A Foreign Ministry spokesperson on Friday said Gambia proposed that diplomatic ties with China be restored, and there were no preconditions attached.
Foreign Minister Wang Yi and his Gambian counterpart Neneh MacDouall-Gaye signed a joint communique on Thursday to resume diplomatic relations, Wang dubbed it a "historic moment" for the two nations.
The Gambia leaders said the resumption of ties was in the interests of all Gambians, so they made this right decision, spokesperson Lu Kang told a daily news briefing.
The two countries established formal diplomatic links in 1974 but China suspended the relations in 1995 when Gambia resumed diplomatic ties with Taiwan. Gambia severed ties with Taiwan in 2013.
The Gambian government recognizes that there is only one China, that the government of the People's Republic of China is the sole legal government representing the whole of China and that Taiwan is part of China, the joint communique says.
Lu said the resumption of the diplomatic relations is in the fundamental interests of the two nations and their people.

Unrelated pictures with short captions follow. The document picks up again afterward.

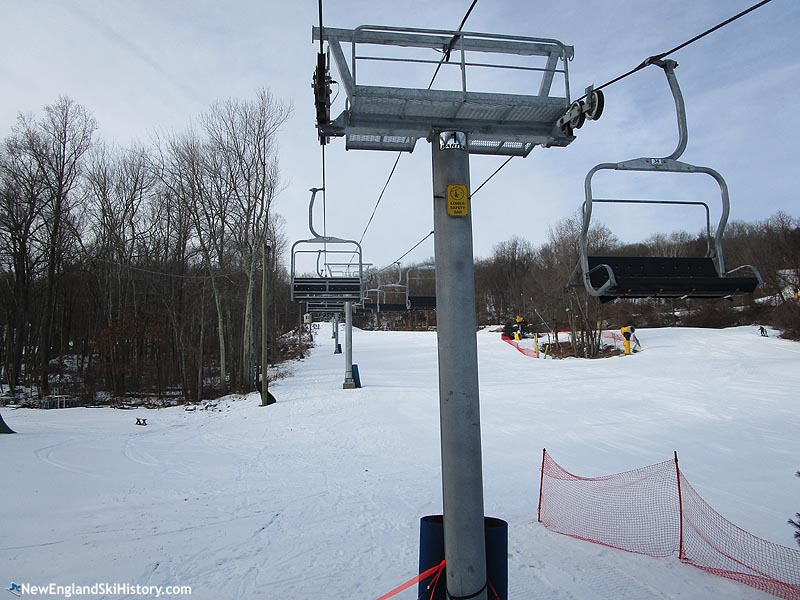 The lift line (January 2026)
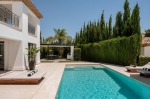Pool area 2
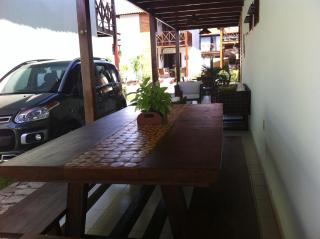 Village Praia dos Carneiros II - 1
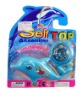 Wholesale Top toy with light, spinning top ZZX85334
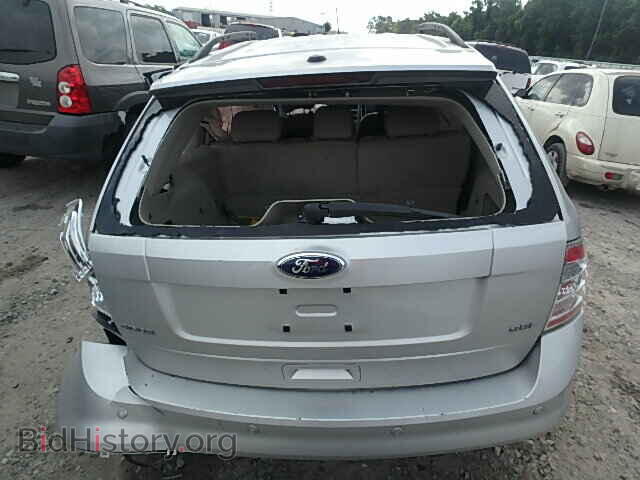 2010 FORD EDGE - VIN: 2FMDK3JC3ABB08209 - Photo 10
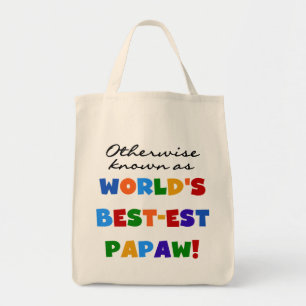 Bolsa Tote T-shirts e presentes mais conhecidos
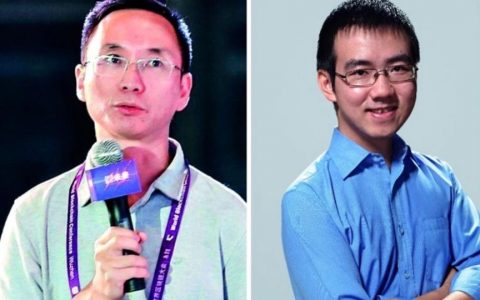 比特大陆“硬分叉”：BCH与AI，吴忌寒与詹克团的分道扬镳
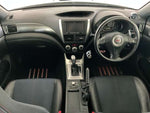 IMPREZA WRX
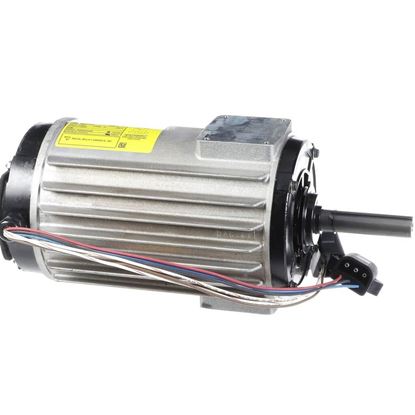 Picture of Trane Motor; Ac, Ao Smith, Skinny Iv, Motor Id Part# MOT14544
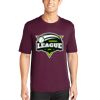 PosiCharge ® Competitor Tee Thumbnail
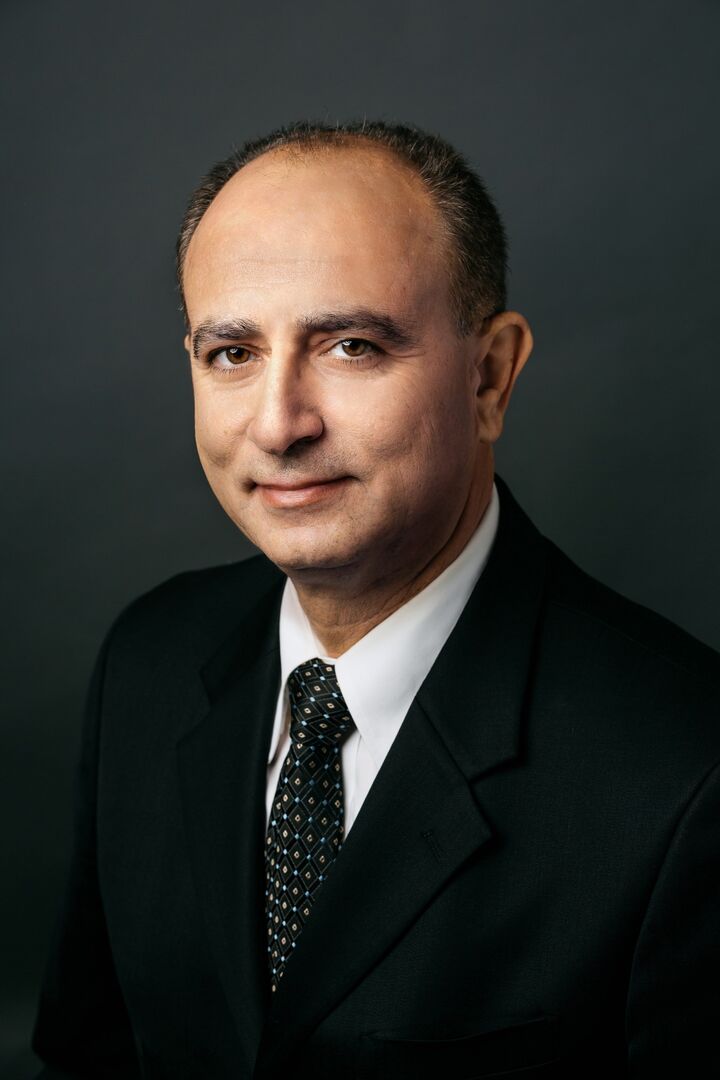 Tony Shrikian, Real Estate Salesperson in Irvine, Affiliated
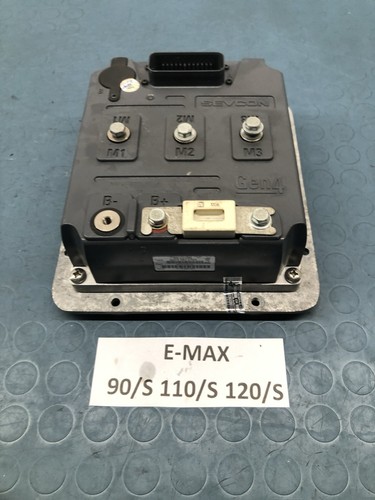 Steuergerät vmoto max 90s - vmoto,
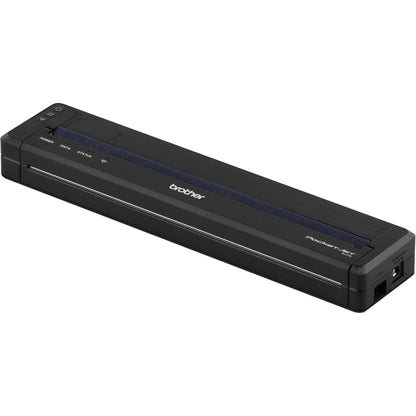 Imprimante thermique directe Brother PocketJet PJ773 - Monochrome - Portable - Impression sur papier ordinaire - USB PJ773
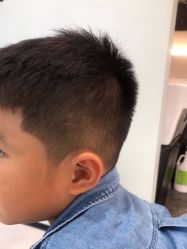 -U·NI SALON 造型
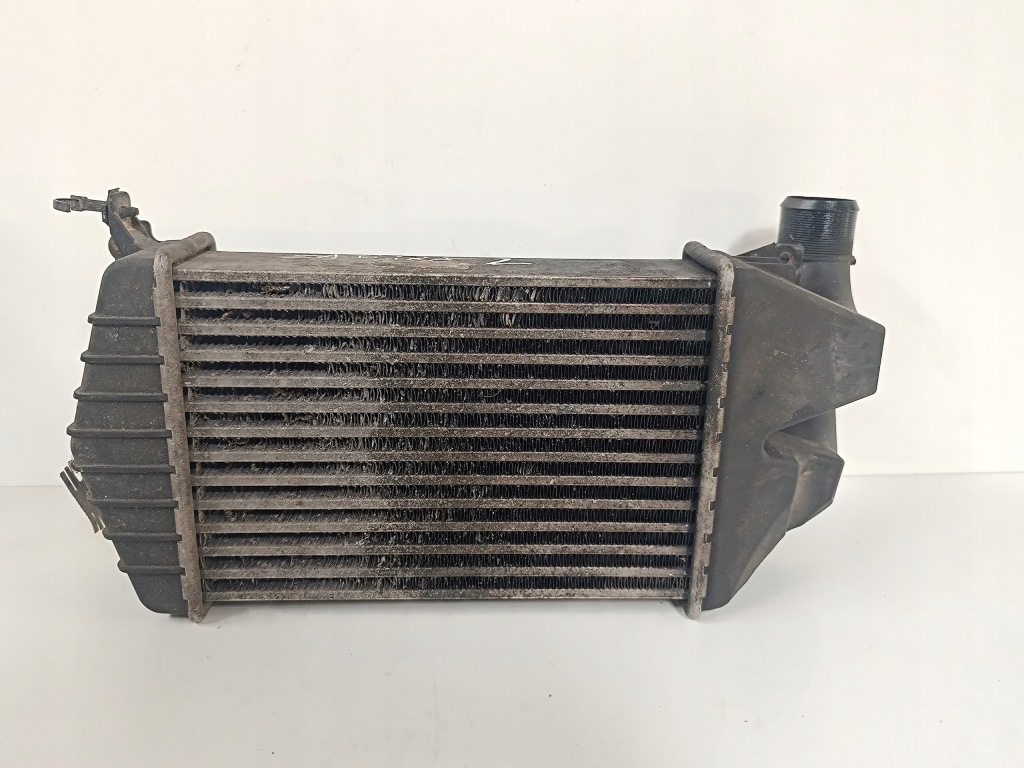 Купить Интеркулер радиатор воздуха opel zafira b 1.9 cdti 2005-2011 13213402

Last year, during the second summit of the Forum on China-Africa Cooperation (FOCAC) in Johannesburg, South Africa, President Xi Jinping outlined a raft of measures to strengthen China-Africa ties and announced 10 major plans to boost bilateral win-win cooperation.
At present, China and African countries are fully implementing the consensus reached during the summit, Lu said, noting that Gambia had automatically become a member of the FOCAC.
Lu said that both countries will explore mutually beneficial cooperation in various areas, including agriculture and fishing, processing and manufacturing, facilitation of investment and trade, infrastructure building, human resources development, and people-to-people exchanges.